Notice: On April 23, 2014, Statalist moved from an email list to a forum, based at statalist.org.
[Date Prev][Date Next][Thread Prev][Thread Next][Date Index][Thread Index]
Fwd: st: RE: Calculate Distance between Properties within Portfolios
From
Robert Picard <[email protected]>
To
"[email protected]" <[email protected]>
Subject
Fwd: st: RE: Calculate Distance between Properties within Portfolios
Date
Mon, 16 Sep 2013 12:31:25 -0400
Indeed, the -long- option for -geonear- is different and
does not merge back with the original data because multiple
neighbors are allowed, which could lead to a "m:m" merge.

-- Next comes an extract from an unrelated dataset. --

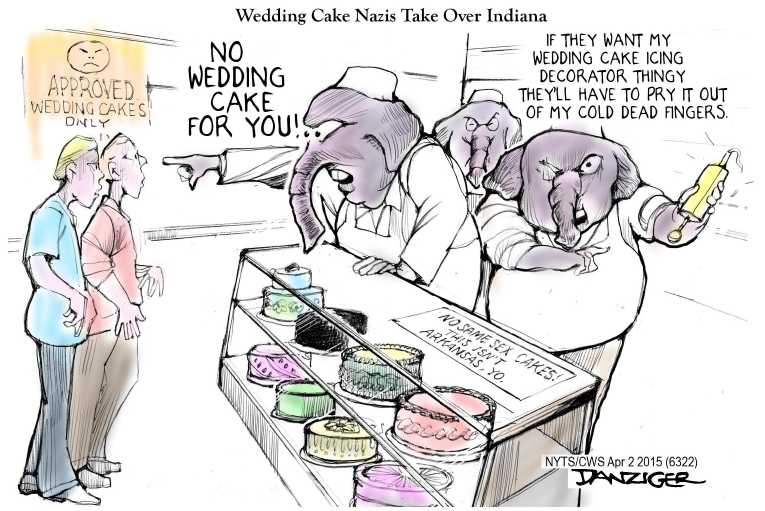 Political/Editorial Cartoon by John Darkow, Columbia Daily Tribune, Missouri on Indiana Revises Discrimination Law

For futur reference, here's an revised version that shows
how to use -geonear- in long form mode for every value of a
variable.
Robert
* --------------- begin example ---------------------------
set seed 1234
clear
set obs 20
gen porfolio_id = 1000 + _n
expand runiform() * 360 + 2
sort porfolio_id
by porfolio_id: gen propid = _n
sort porfolio_id propid
gen double lat = runiform()
gen double lon = runiform()
tempfile main
save "`main'"
* brute force approach
rename (propid lat lon) (propid0 lat0 lon0)

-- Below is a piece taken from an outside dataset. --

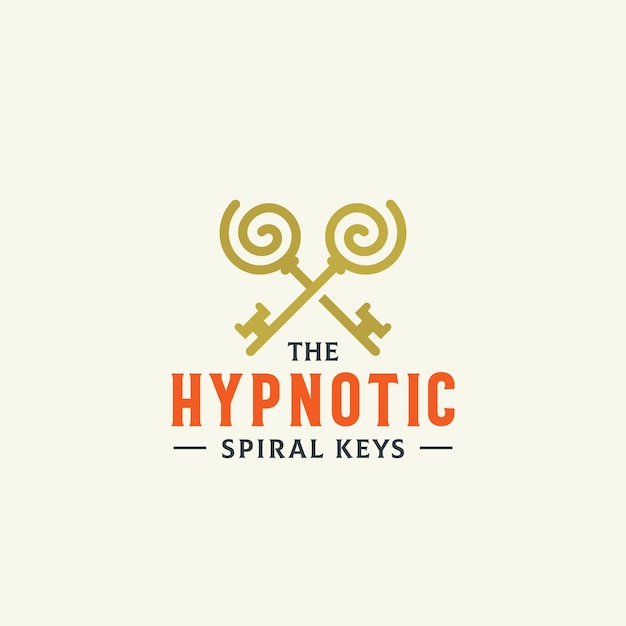 Hypnotic Spiral Keys Abstract Vector Sign Symbol or Logo Template Crossed Keys Sillhouettes with Classy Retro Typography Vintage Vector Real Estate Emblem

joinby porfolio_id using "`main'"
drop if propid == propid0
isid porfolio_id propid propid0, sort
geodist lat lon lat0 lon0, gen(km_brute) sphere
sort porfolio_id propid km_brute propid0
by porfolio_id propid: keep if _n == 1
tempfile brute
save "`brute'"
* using -geonear- from SSC
use "`main'", clear
clonevar propid0 = propid
save "`main'", replace
levelsof porfolio_id, clean
local pidlist `r(levels)'
local npid 0
tempfile nbors
qui foreach pid of local pidlist {
use if porfolio_id == `pid' using "`main'", clear
save "`nbors'", replace
geonear propid lat lon using "`nbors'", ///
n(propid0 lat lon) ignore long
gen porfolio_id = `pid'
local ++npid
tempfile res`npid'
save "`res`npid''"
}
clear
forvalues i=1/`npid' {
append using "`res`i''"
}
rename propid0 propid0_gn
merge 1:1 porfolio_id propid using "`brute'", nogen
assert propid0_gn == propid0
assert abs(km_brute - km_to_propid0) < 1e-12
* --------------- end example -----------------------------
---------- Forwarded message ----------
From: S. McKay Price <[email protected]>
Date: Mon, Sep 16, 2013 at 11:14 AM
Subject: Re: st: RE: Calculate Distance between Properties within Portfolios
To: [email protected]
Thank you Joe and Robert for your insight and the elegant coding
example. Both approaches calculated the distances between properties.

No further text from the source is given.